Articles

Federal Intervention in U.S. Housing Market Continues With Home Affordable Foreclosure Alternatives Program

By Jeffrey C. O'Brien

The art of economics consists in looking not merely at the immediate but at the longer effects of any act or policy; it consists in tracing the consequences of that policy not merely for one group but for all groups.

-Henry Hazlitt, Economics in One Lesson (1946)

On November 30, 2009, the U.S. Treasury Department issued Supplemental Directive 09-09 outlining the guidelines for the new Home Affordable Foreclosure Alternatives ("HAFA") program.
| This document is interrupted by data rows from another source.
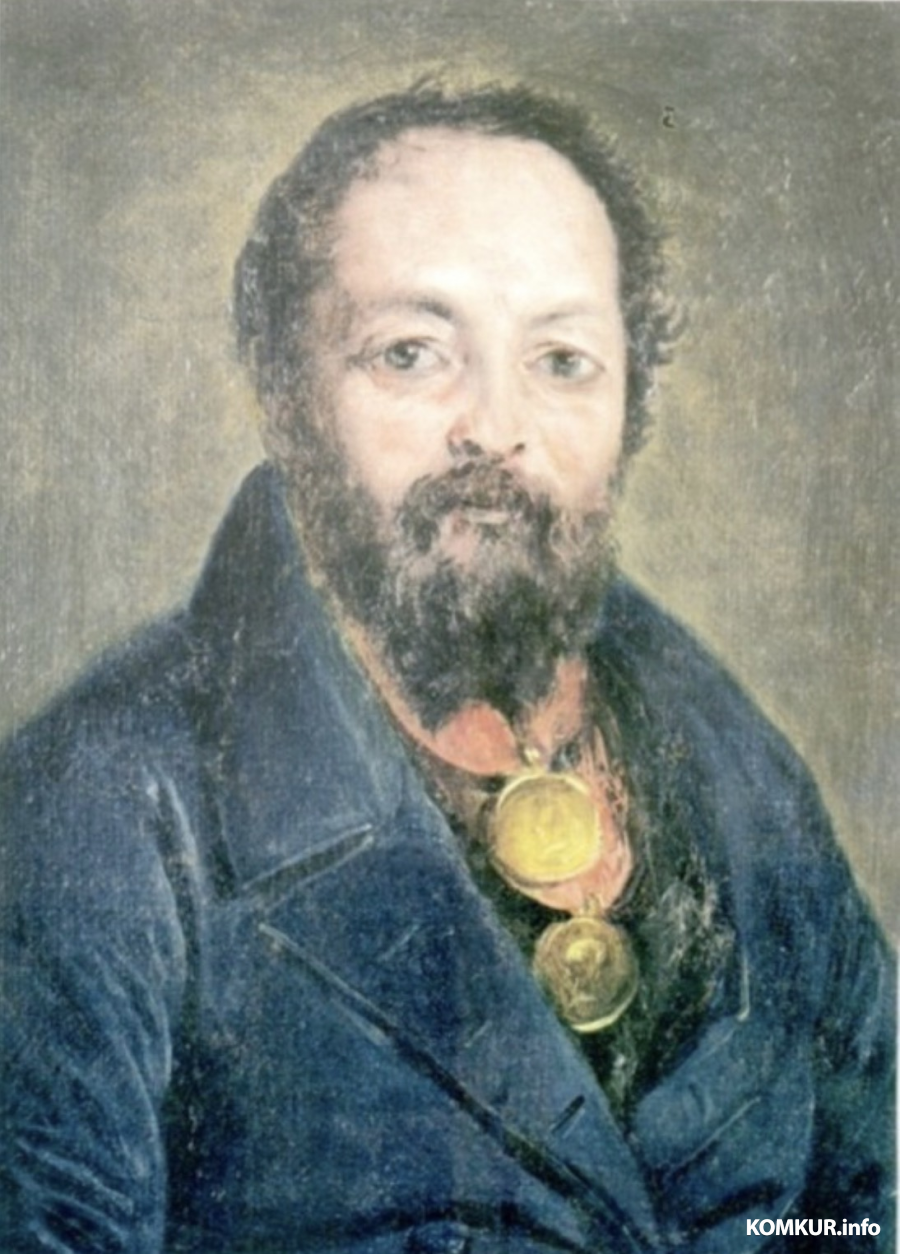 Портрет А.Л. Торлецкого. Этюд В.А. Тропинина.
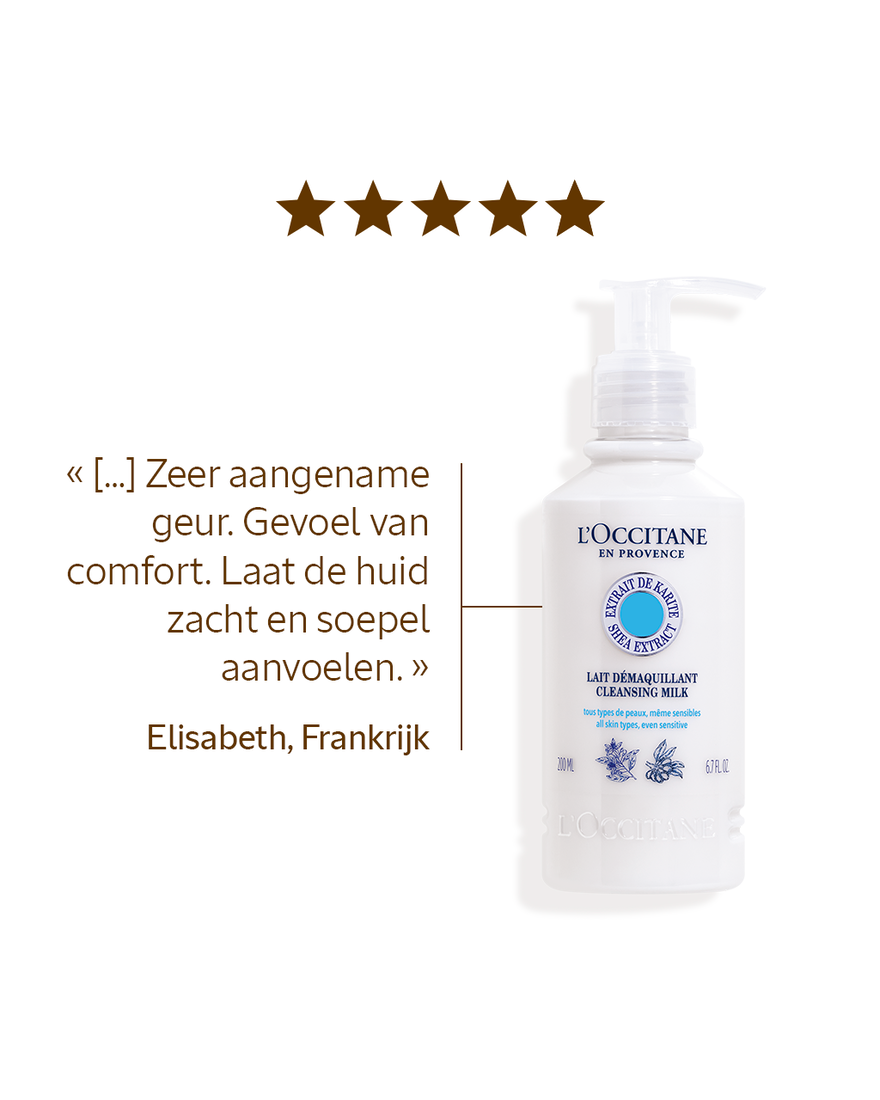 Weergave afbeelding 4/7 van product Shea Gezicht Reinigingsmelk 200ml, , RECT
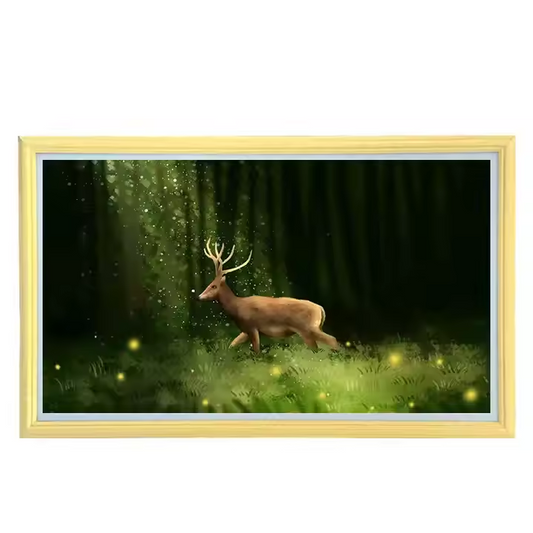 K201|21.5 inch Digital Photo Frame WIfi 5G Touch Large Digital Picture Frame Share Photos & Videos for home/office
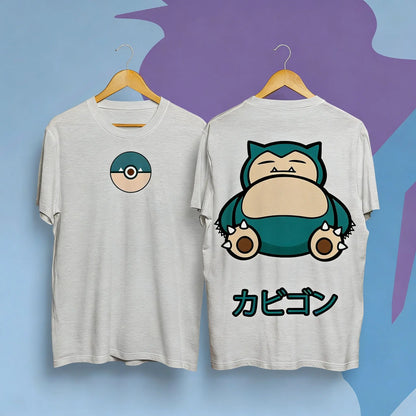 T Shirt Men Women Cotton Short Sleeve Graphic Print Casual Tops Anime Tee 2026 Summer Cartoon Y2k Clothes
HAFA is the latest of several efforts of the Federal government to revive the slumping U.S. housing market, a market which has been affected by Federal intervention therein for 70 years for purposes of increasing housing affordability and availability to low-income families. With the collapse of the subprime mortgage market in 2006 and the corresponding economic crisis spurred on by widespread investment in mortgage-backed securities, a revival of the housing market has been the top objective of policymakers in Washington, D.C. Beginning during the waning months of the Bush Administration and passage of the First Time Homebuyer Tax Credit in 2008 and continuing into the Obama Administration with two subsequent modifications and extension of the Credit as well as the establishment of a federal mortgage loan modification program called the Home Affordable Modification Program ("HAMP"), these short-term fixes have met varying degrees of success. However, uncertainty abounds when considering the long-term effects these initiatives will have on the housing market.

Relation of HAFA to HAMP

HAFA is an outgrowth of the HAMP program which offered incentives to mortgage servicers and investors who were able to provide certain qualified borrowers with a modification of a first mortgage loan which was in default or at risk of default with the goal of keeping borrowers in their homes through the difficult economic times.

The Failure of HAMP

The HAMP program, however, has been derided by many economists and commentators as not only failing in its goals, but actually adding to the woes of the U.S. housing market. A January 2, 2010 New York Times article documents the ill effects of the program, including temporary modifications leading ultimately to new defaults and eventual foreclosures, banks using temporary modifications to avoid a proper accounting of the mortgage losses still on their books, and a glut of properties still on tap for foreclosure proceedings that will prolong the current housing slump.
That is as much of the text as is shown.